Party of a lifetime scam reveals IT security nightmare

That’s the word from IT security consultancy NCC Group, which conducted the test by targeting finance directors at 500 of the UK’s plcs with the USB sticks. Manufacturers, broadcasters, utility companies, retailers, banks and telecoms businesses were among the target group, all of which could have revealed sensitive customer details. Overall 47% of recipients breached their company security policies – and while broadcasters were the worst offenders, manufacturers were second. Paul Vlissidis, head of penetration testing at NCC Group, say: “These findings are extremely concerning and reflect the need for us to continue raising awareness of network security in the UK.” First invitations landed on desks at 8am and by 11.30, 70 people had inserted the USB sticks, despite many needing to bypass a warning message asking if they wanted to run the application. “This demonstrates a fundamental lack of healthy suspicion by IT users, even at a senior level.
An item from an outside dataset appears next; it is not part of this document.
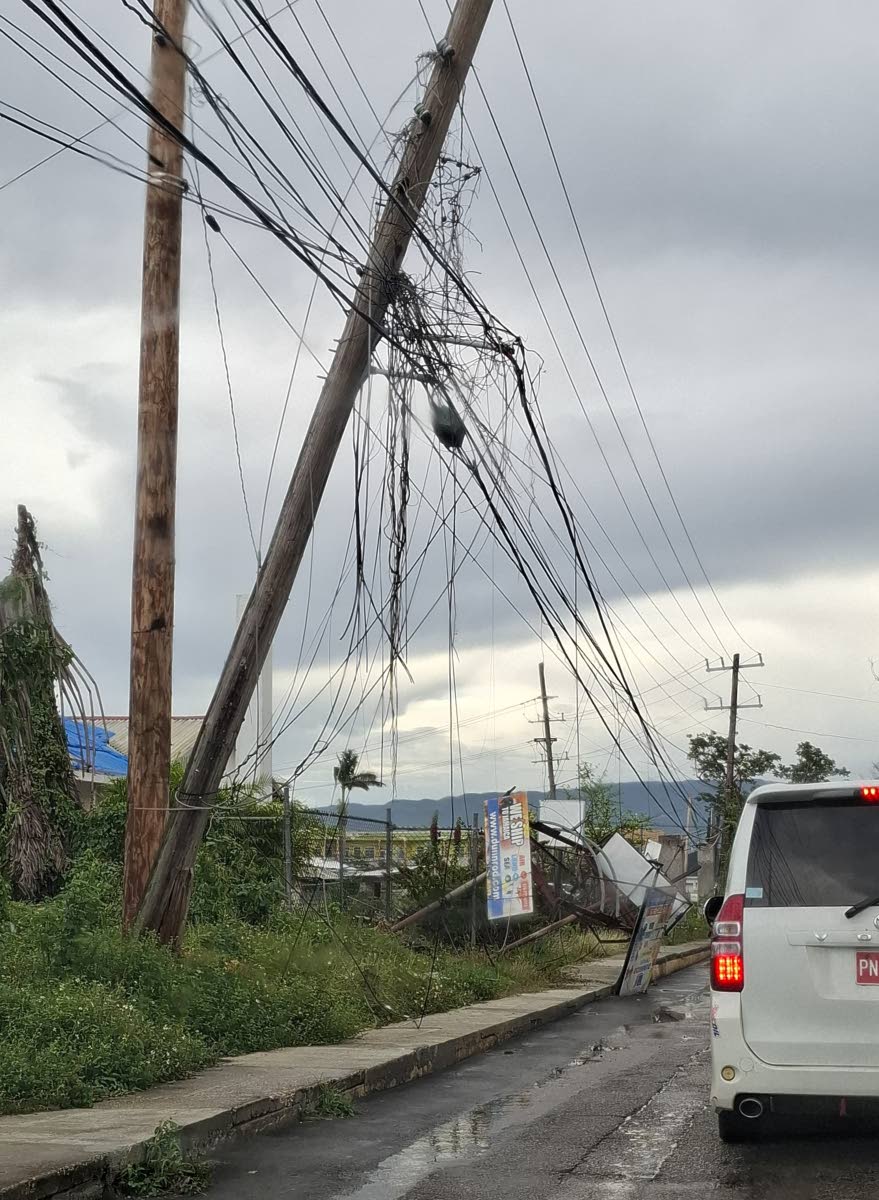 Low-hanging wires line in a section of Savanna-la-Mar, months after infrastructure damage caused by Hurricane Melissa.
The need for real security awareness has never been greater… This kind of technique could easily be adopted by genuine hackers and these directors could have seriously jeopardised the security of their company’s networks. “Not only could fraudsters have customers’ or employees personal details to steal their identities, but they could also have gained full control of an FD’s email account, allowing them to access information regarding forthcoming unreleased trading statements or even results which they could then use to influence share dealing.” He makes the point that a real hacker could target the user’s credentials using Trojan Horse technology and plant keystroke loggers, which could then capture the user’s password. “Armed with this the hacker could simply log in remotely, unless the remote access is protected by adequate additional security measures, and extract whatever they wanted unbeknown to the company.”